▸ **Records shown**
Content starts

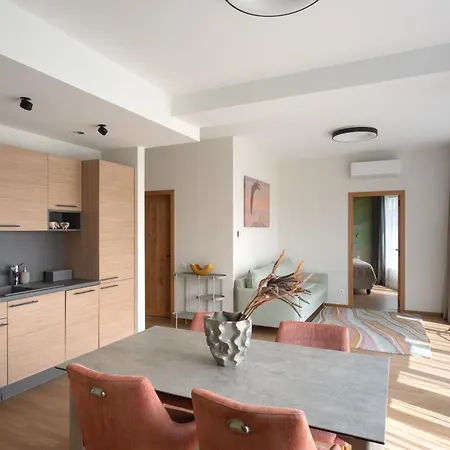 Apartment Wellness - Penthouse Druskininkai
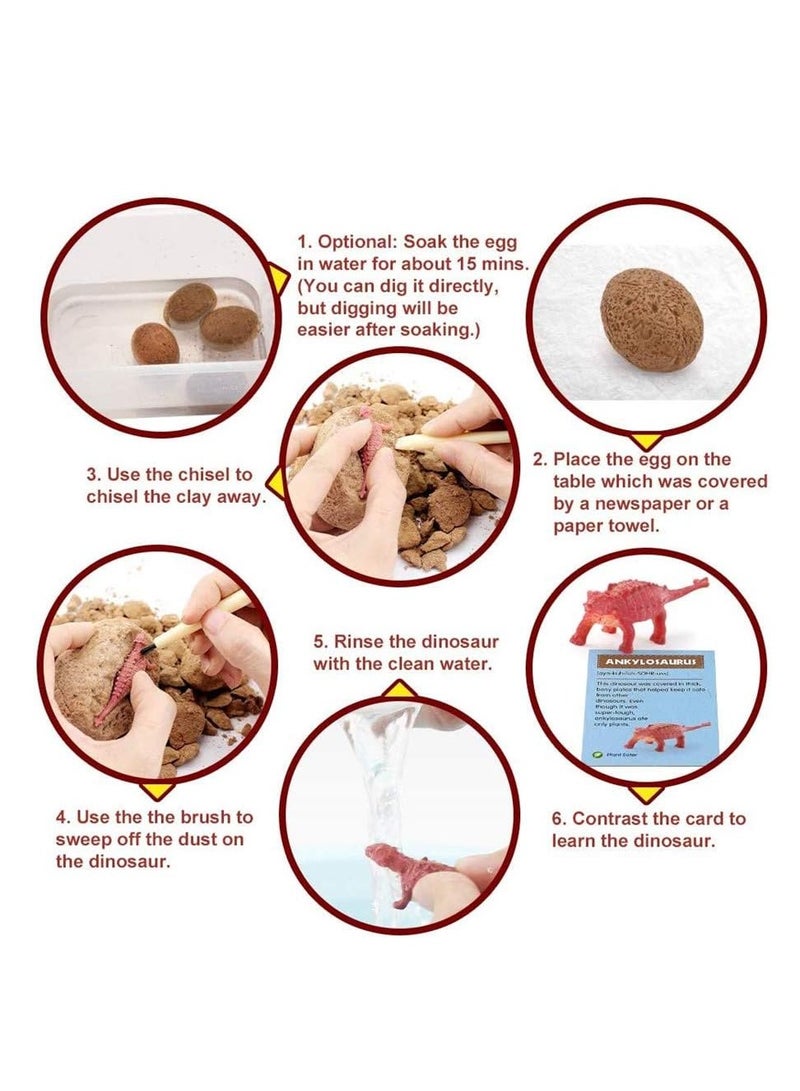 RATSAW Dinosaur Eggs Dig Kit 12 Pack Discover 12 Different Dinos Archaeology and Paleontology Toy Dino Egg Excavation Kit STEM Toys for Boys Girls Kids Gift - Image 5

Content ends
Content starts

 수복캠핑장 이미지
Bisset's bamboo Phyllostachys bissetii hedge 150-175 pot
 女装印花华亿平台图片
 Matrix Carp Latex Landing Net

Content ends

▸ **Requirement**
Everything from the line above that contains "Apartment Wellness - Penthouse Druskininkai" down to the line that contains "RATSAW Dinosaur Eggs" must be reproduced exactly, both ends included. Omit the pictures.

▸ **Task response**
 Apartment Wellness - Penthouse Druskininkai
 RATSAW Dinosaur Eggs Dig Kit 12 Pack Discover 12 Different Dinos Archaeology and Paleontology Toy Dino Egg Excavation Kit STEM Toys for Boys Girls Kids Gift - Image 5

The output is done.